The purpose of our screeners is not to label students as having dyslexia, but rather to determine the most appropriate reading interventions for students. Many students may display characteristics of dyslexia and require dyslexia-specific interventions, which are successful in addressing these deficit areas for students. Some students may display characteristics of dyslexia but require intensive dyslexia-specific interventions for many years. For the most struggling students, school teams will want to address this concern in ABST meetings. Some of the students who receive intense interventions and fail to respond appropriately may qualify for an IEP (SLD) or a 504 plan.
The Academic and Behavior Support Teams (ABST) at each school are committed to identifying and addressing the needs of all students. All students are given reading, math, writing, and behavior screenings throughout the school year. These screenings are part of the Response to Instruction and Intervention (RtI2), which is a tiered instruction program used for all students. This multi-tiered approach allows us to efficiently address the academic and behavioral needs of students who may require additional support and/or other types of instruction or intervention.

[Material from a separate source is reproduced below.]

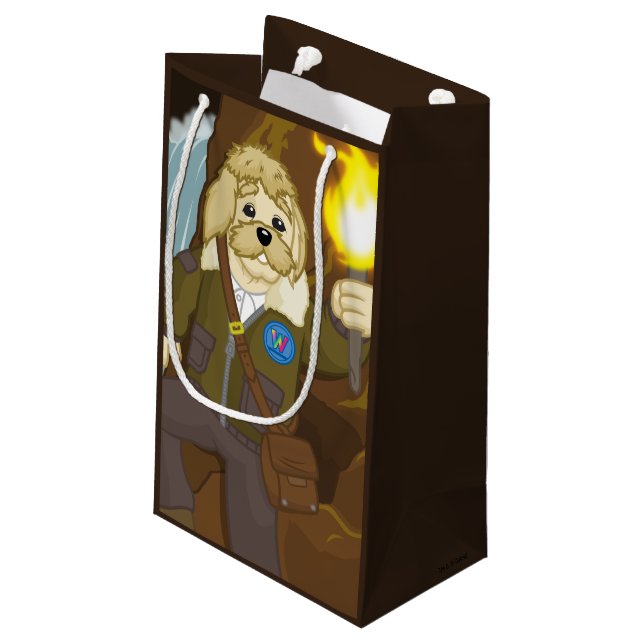 Arte Fact Goes Exploring Small Gift Bag (Back Angled)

Sometimes difficulties in reading can be attributed to characteristics that are associated with dyslexia. When students struggle with foundational reading, dyslexia-specific interventions may be effective to address the skill deficit. Students requiring interventions in these areas do not necessarily have dyslexia but could benefit from this type of instructional support. Recommendations for accommodations, interventions, and specific programs will be developed, monitored, and communicated with you through ABST. Parents receive regular reports of their student's progress.